Il est aujourd'hui difficile de stocker de l'énergie, notamment celle provenant de panneaux photovoltaïques. Parmi les solutions pour la stocker, il existe celle de l'utilisation des batteries des voitures électriques, cela vous semble pertinent ?

Les secteurs du transport et du bâtiment vont devenir très complémentaires avec l'arrivée du véhicule électrique. D'ici à 2050, la majorité des voitures seront électriques. Notre automobile, que nous brancherons au bâtiment pour la recharger, pourra devenir à la fois une charge pour le réseau électrique, mais également une zone pour stocker la surproduction d'énergie du bâtiment. On pourrait ainsi imaginer que le particulier utilise sa batterie de voiture plutôt que le réseau EDF pour faire fonctionner des appareils tels que la machine à laver.
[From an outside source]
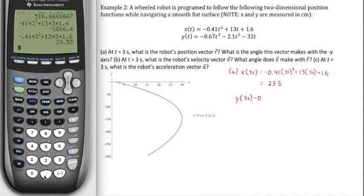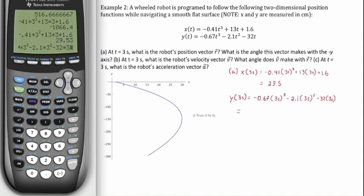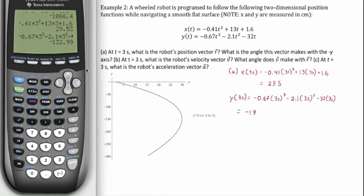Same thing for y. For y: negative 0.67 times three seconds cubed, minus 2.1 times three seconds squared, minus 32 times three seconds. I've entered it in the calculator and I get negative 132 centimeters. I've graphed the trajectory in an online graphing calculator, and at about x equals 30 and y equals negative 132, that's our position at t equals three seconds.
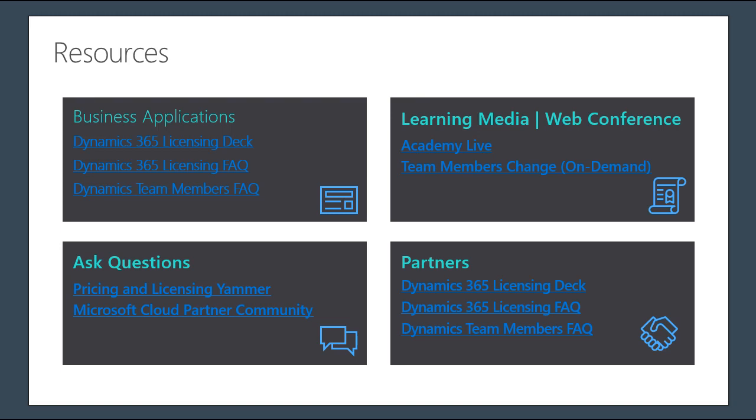Well, thanks, everyone. Thanks a lot, team. This does conclude today's web conference. The recording and the deck will be available at the same registration site within 24 hours, so make sure and check back there for those important resources. I'd like to extend a big thank you to our presenter team, and thank you to the audience for logging in and joining us. Have a great day.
Nous aurions alors un échange bidirectionnel, où notre véhicule servirait à stocker l'énergie produite par des panneaux solaires mais aussi à fournir ponctuellement un pic de consommation du bâtiment. Cependant, de nouvelles batteries sont en phase de recherche. Celles que nous utilisons actuellement vieillissent rapidement et leur coût est prohibitif. Les véhicules électriques permettront de stocker de l'énergie et de la réutiliser dans la mesure de l'autonomie dont le véhicule aura besoin. Mais cette énergie stockée ne sera pas suffisante pour tenir toute une nuit. Nous réfléchissons donc à la manière de piloter les batteries, de les recharger, mais aussi à leurs différentes hybridations pour mieux répondre aux pics de consommation et de production.